January 13, 2008 9:29 PM  
Blogger Ruxton said...

Sanford- I've also got a Zschau Electra on video which isn't bad in my view, however, I'm no Elektra specialist so other people might differ.

It doesn't do much for me.

January 14, 2008 2:23 AM  
Anonymous Nerva Nelli said...

Sugarmezzo, you have to get out more. I agree that Urmana is an excellent and useful singer and that it is a shame that the sylph-loving Gelb regime has made no place for her this year.

Yet there was nothing "astounding" about her fine if earnest Eboli and her first, very solid shot at Ariadne-- certainly the latter paled before both Ariadnes of the Met's previous revival, Debbie Voigt in one of her best parts and the real revelation-- hidden by the NEW YORK TIMES so at presumably to back up Tony T's contention that Voigt-- who broke through in Boston, so it was on his radar-- was the best Strauss soprano in the world-- the truly astounding debut of Christine Brewer. ( It is differently astounding that she hasn't been back since). Remember how just a short few years ago Tony T was hymning Jane Eaglen as "the greatest dramatic soprano in the world"?

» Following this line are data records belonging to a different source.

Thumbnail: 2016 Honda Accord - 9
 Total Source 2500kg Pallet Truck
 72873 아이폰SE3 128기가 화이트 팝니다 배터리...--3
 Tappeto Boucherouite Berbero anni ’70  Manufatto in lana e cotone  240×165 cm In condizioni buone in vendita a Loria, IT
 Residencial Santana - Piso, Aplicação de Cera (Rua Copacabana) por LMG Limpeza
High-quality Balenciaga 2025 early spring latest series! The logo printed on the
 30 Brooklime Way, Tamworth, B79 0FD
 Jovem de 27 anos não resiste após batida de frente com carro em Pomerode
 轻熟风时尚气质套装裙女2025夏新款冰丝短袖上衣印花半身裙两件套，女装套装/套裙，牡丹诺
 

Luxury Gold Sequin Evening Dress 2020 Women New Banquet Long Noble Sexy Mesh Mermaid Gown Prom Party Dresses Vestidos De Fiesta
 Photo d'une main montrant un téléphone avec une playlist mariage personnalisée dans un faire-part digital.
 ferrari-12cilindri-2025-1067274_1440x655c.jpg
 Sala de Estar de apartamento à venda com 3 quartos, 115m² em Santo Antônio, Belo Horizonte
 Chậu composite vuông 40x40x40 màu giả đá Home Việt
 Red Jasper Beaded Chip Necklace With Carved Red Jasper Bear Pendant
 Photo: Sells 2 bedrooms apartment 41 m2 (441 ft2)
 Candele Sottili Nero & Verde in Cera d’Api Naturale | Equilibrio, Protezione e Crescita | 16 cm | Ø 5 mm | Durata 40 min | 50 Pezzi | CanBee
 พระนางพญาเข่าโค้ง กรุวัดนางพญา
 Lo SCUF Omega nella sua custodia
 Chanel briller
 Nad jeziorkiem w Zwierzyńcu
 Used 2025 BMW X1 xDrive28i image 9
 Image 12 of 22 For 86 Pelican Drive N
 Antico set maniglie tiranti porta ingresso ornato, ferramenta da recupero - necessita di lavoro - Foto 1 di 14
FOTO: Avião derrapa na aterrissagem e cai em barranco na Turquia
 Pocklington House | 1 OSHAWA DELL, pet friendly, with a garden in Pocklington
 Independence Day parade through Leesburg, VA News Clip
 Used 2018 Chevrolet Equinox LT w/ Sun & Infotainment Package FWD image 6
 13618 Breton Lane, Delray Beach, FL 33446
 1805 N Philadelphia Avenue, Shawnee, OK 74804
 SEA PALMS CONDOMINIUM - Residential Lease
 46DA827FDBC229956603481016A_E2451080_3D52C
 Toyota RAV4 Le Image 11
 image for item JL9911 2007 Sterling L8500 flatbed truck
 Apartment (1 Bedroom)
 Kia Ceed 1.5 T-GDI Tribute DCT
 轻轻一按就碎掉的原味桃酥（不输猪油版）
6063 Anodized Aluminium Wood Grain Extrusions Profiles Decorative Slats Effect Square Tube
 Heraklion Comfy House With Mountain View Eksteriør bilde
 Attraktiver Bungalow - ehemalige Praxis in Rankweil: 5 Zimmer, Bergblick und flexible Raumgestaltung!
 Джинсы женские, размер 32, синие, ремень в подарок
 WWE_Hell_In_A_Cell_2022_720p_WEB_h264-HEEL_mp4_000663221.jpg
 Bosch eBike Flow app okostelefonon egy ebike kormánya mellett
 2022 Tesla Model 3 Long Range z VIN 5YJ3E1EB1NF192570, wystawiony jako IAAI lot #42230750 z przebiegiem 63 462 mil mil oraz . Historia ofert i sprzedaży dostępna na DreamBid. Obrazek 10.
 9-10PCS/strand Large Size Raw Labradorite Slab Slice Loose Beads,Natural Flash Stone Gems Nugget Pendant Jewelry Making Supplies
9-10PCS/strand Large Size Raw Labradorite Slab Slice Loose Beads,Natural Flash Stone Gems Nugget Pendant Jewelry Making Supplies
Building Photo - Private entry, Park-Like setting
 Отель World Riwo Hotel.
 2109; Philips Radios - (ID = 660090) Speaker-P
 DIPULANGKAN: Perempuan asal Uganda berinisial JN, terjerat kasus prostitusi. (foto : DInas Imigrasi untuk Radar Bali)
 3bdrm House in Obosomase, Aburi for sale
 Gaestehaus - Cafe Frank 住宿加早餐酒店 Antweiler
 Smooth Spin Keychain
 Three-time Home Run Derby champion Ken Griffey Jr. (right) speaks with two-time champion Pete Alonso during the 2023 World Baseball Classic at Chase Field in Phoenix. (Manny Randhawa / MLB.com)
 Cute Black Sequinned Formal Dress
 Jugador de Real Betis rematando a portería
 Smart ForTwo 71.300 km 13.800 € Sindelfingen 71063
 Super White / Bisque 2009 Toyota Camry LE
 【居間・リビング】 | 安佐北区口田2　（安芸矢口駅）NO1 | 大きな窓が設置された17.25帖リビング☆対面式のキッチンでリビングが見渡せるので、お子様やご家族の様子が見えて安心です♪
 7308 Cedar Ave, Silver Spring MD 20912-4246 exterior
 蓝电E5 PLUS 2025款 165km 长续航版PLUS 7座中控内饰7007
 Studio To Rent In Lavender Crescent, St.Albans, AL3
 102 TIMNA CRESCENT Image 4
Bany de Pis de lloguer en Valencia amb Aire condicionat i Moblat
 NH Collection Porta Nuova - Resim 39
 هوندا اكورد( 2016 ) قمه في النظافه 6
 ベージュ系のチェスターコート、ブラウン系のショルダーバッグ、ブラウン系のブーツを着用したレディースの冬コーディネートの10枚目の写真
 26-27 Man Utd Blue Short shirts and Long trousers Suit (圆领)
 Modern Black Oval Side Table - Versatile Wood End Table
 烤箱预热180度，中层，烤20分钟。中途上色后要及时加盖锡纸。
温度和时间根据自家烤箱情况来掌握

January 14, 2008 5:58 AM  
Anonymous regina delle fate said...

Nerva Nelli

I can believe you about La Brewer's Met Ariadne. She sang the role in English here at ENO in London and it was without question the most thrillingly sung account of the music I have ever heard live - and my Ariadne's include Jessye, Tomova-Sintow, (late) Janowitz and Debbie V. Why do most Americans not ralise that Brewer has the the most exciting soprano voice in the world right now? It's a gorgeous instrument and there is almost nothing she can't sing. I'd love to hear her Aida. We Brits have loved her for years but Covent Garden won't have her - after casting her as Donna Anna and Contessa Almaviva in the 1990s - because of her size. I'm even prepared to sit through the cheesy old Met Ring again to see her Brünnhilde in 2009.